The March 7, 2019 Order
[19] On March 7, 2019, Master Sugunasiri ordered the defendants to serve a further and better Affidavit of Documents and Schedule “A” productions by May 6, 2019. No one appeared for the defendants on that motion. His endorsement stated: “I am satisfied that there are gaps in the Defendants’ existing affidavit of documents”. The Order required the defendants to include in a further and better Affidavit of Documents and Schedule “A” productions “all documents listed in the List of Documents for Further and Better Affidavits of Documents and Schedule “A” productions” that was attached to the order (the List of Documents).
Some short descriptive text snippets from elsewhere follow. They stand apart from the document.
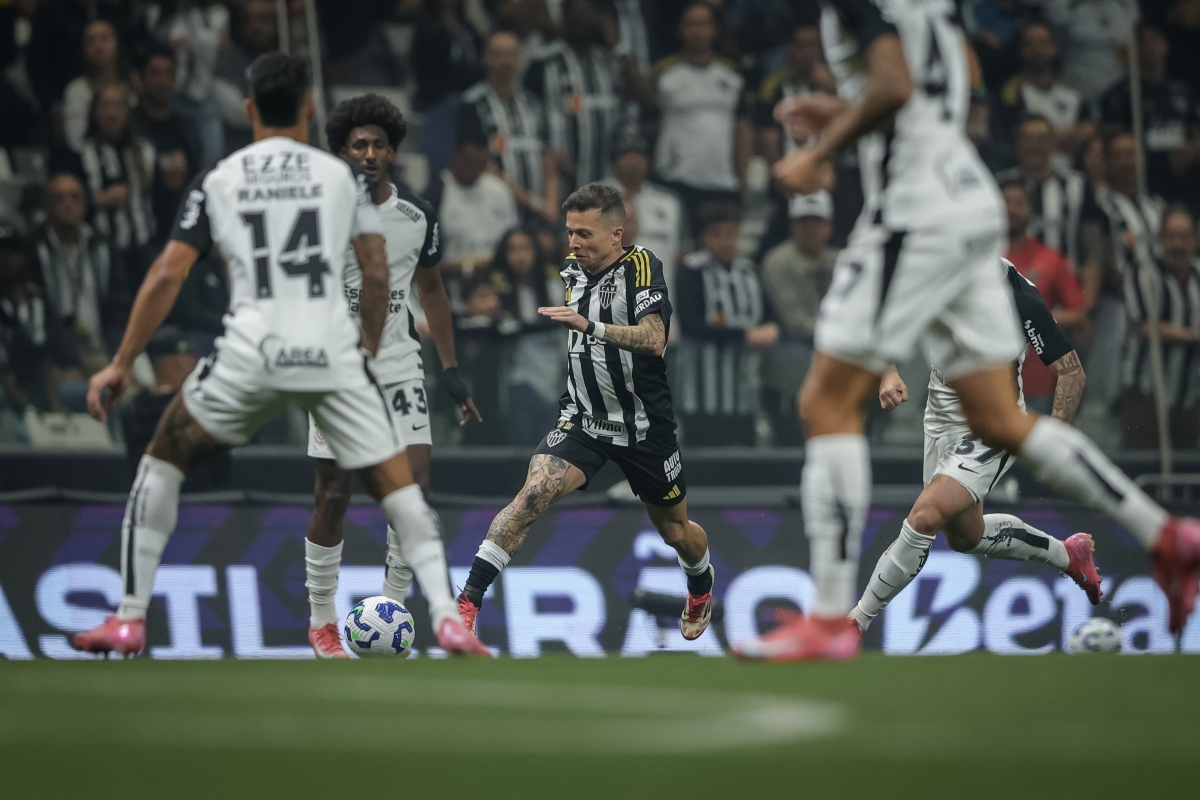 Com desfalques e poupados, Atlético e Corinthians empatam sem gols
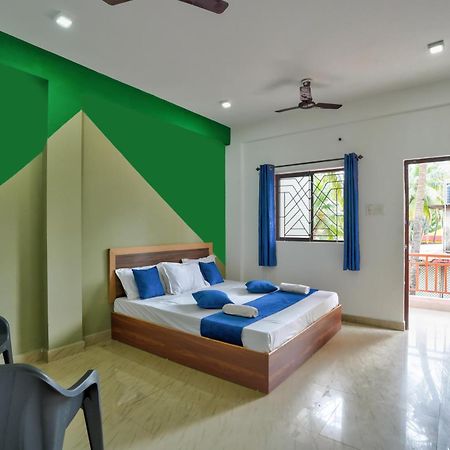 Little Beach Home Stay At Calangute Esterno foto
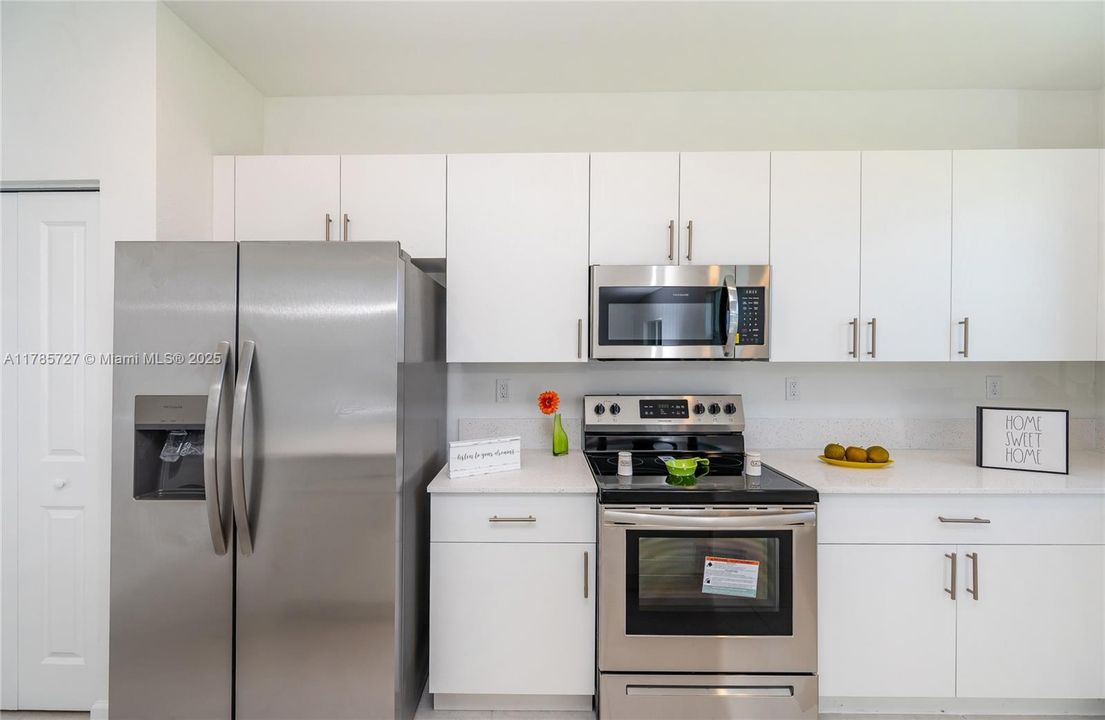 Недавно арендовано: $3,900 (3 спален, 2 ванн, 2086 Квадратных фут)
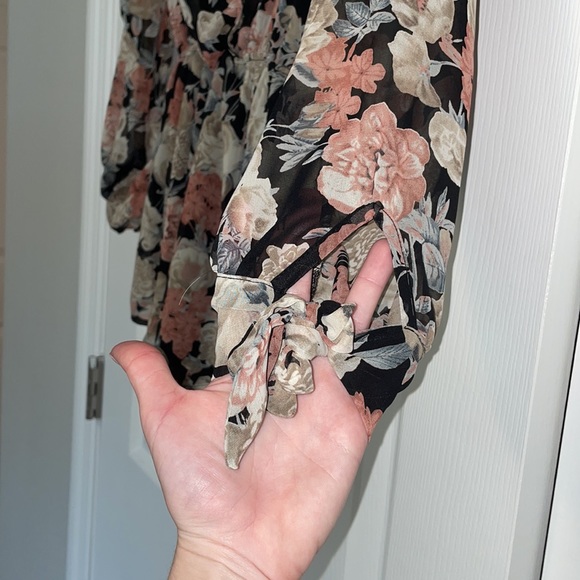 Black floral romper - Picture 4 of 5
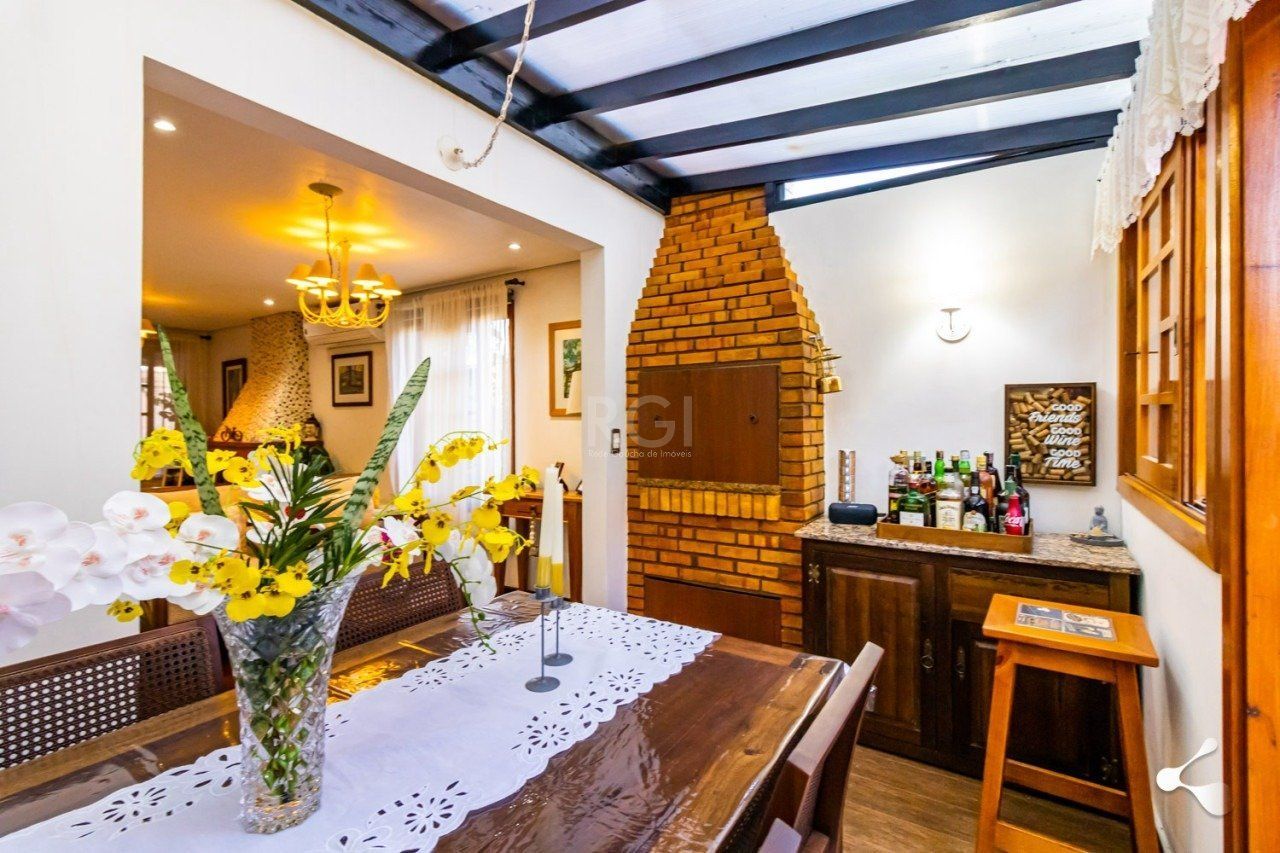 Casa de Condomínio à venda com 3 quartos, 233m² - Foto 5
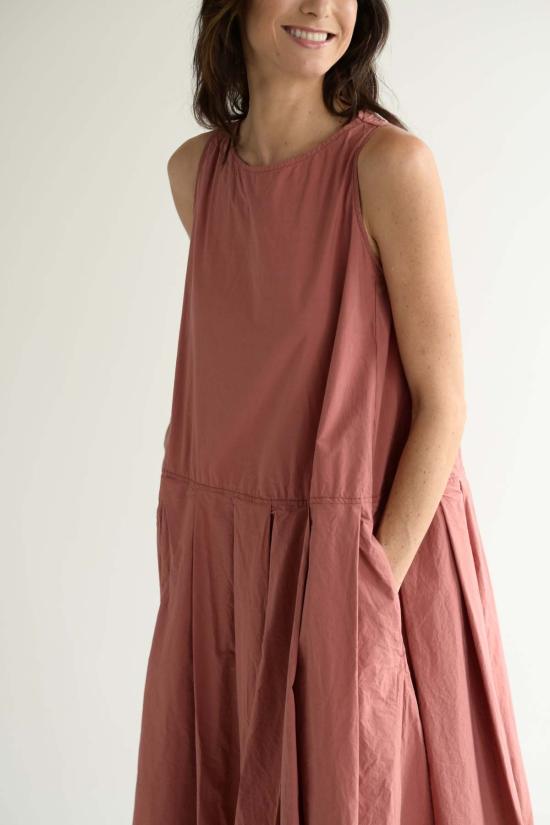  앨범 디 파밀리아 롱 원피스 플리츠 슬리브리스 드레스 코랄 - ALBUM DI FAMIGLIA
[20] The Court also ordered that if the defendants failed to comply with the order to serve a further and better affidavit of documents, the court could strike out their Statement of Defence and dismiss their Counterclaim.
[21] The List of Documents attached to the March 7, 2019 Order required the production of ten categories of documents: (i) the complete corporate documents and the minute books of Maxxwell Production Inc. and 9 companies that the plaintiff alleged are related to Maxxwell (the related companies); (ii) all financial records of each of the defendants and the related companies; (iii) contracts and contract information relating to all providers with whom the defendants are engaged to receive services for all technologies which the defendants promote, market or service; (iv) all commercial documents between the defendants and any individual in the oil and gas industry since 2008; (v) all documents relating to the official filings process of all patents applications which are owned or controlled by the defendants in the oil and gas industry from January 1, 2009 to the present; (vi) all documents related to the field work or implementation of the technologies which are owned or controlled by the defendants in the oil and gas industry from January 1, 2009; (vii) all documents relating to the design, manufacture, fabrication of the tools and or technology which are owned or controlled by the defendants in the oil and gas industry from January 1, 2009 (viii) all appraisals, market value estimates, opinions or determinations of the technology and or patents owned or controlled by the defendants in the oil and gas industry since January 1, 2009; (ix) all correspondence, emails or any other form of communication with any all persons working for or associated with Kuwait Oil Company; and (x) the complete C.V. of the defendant Anjelika Gretskaia.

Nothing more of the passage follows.